Yeast was essential for validating the COQ2 variant. Compared with the previous system we used,[9] this has higher sensitivity to detect residual enzymatic activity, the plasmid has a stable copy number, and expression is not driven by galactose, therefore it is ideal for studying genotype–phenotype correlations.

The importance of a genetic diagnosis is obvious. Nevertheless, a correct biochemical diagnosis also has critical implications for counseling and for the management of future pregnancies. The newborn sister had a 25% probability of being affected too. The lack of clinical manifestations at birth did not, in principle, rule CoQ10 deficiency because of the clinical variability (onset of manifestations may occur also some time after birth).[4] Moreover, early treatment has the highest probability of success.[6] Given the safety and tolerability of CoQ10 we decided to treat the child pending the results of the skin biopsy. Clinicians should consider a similar management in siblings of patients with CoQ10 deficiency without a genetic diagnosis. Future studies should be aimed at evaluating whether CoQ10 supplementation to pregnant mothers could represent a therapeutic option for these families.

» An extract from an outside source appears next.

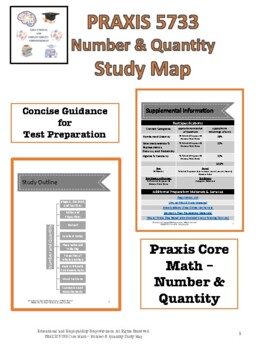 Preview of PRAXIS 5733 - Core Math - Number and Quantity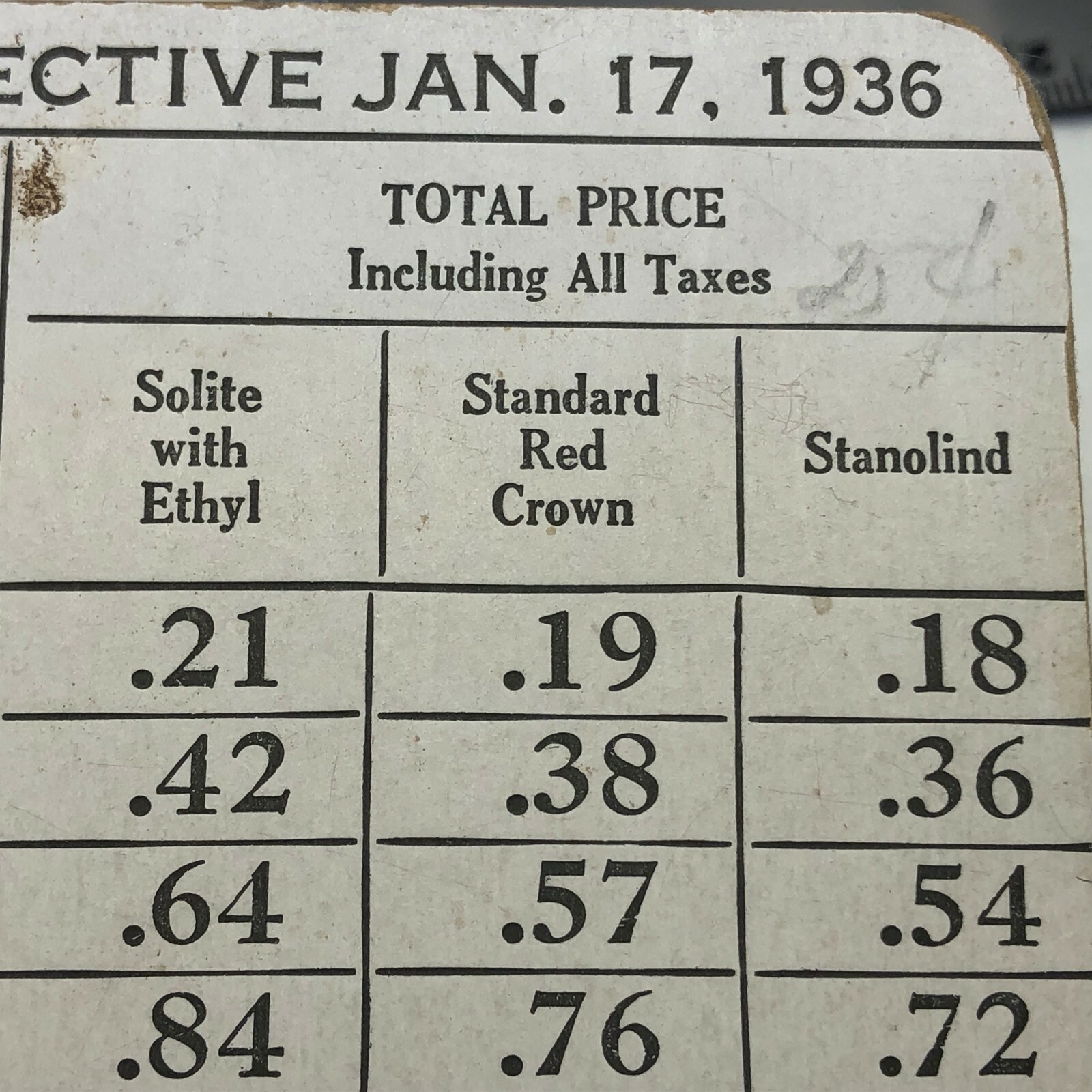 Vtg 1936 Gasoline Station Price Guide Calculator Standard Red Crown Cardboard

This case underscores the importance, even in the era of genomic sequencing, of collecting adequate biological samples in patients with these catastrophic neonatal diseases. In fact a precise biochemical diagnosis facilitates immensly the interpretation of genomic data, which at present is still a major obstacle to the implementation of exome sequencing for routine diagnosis.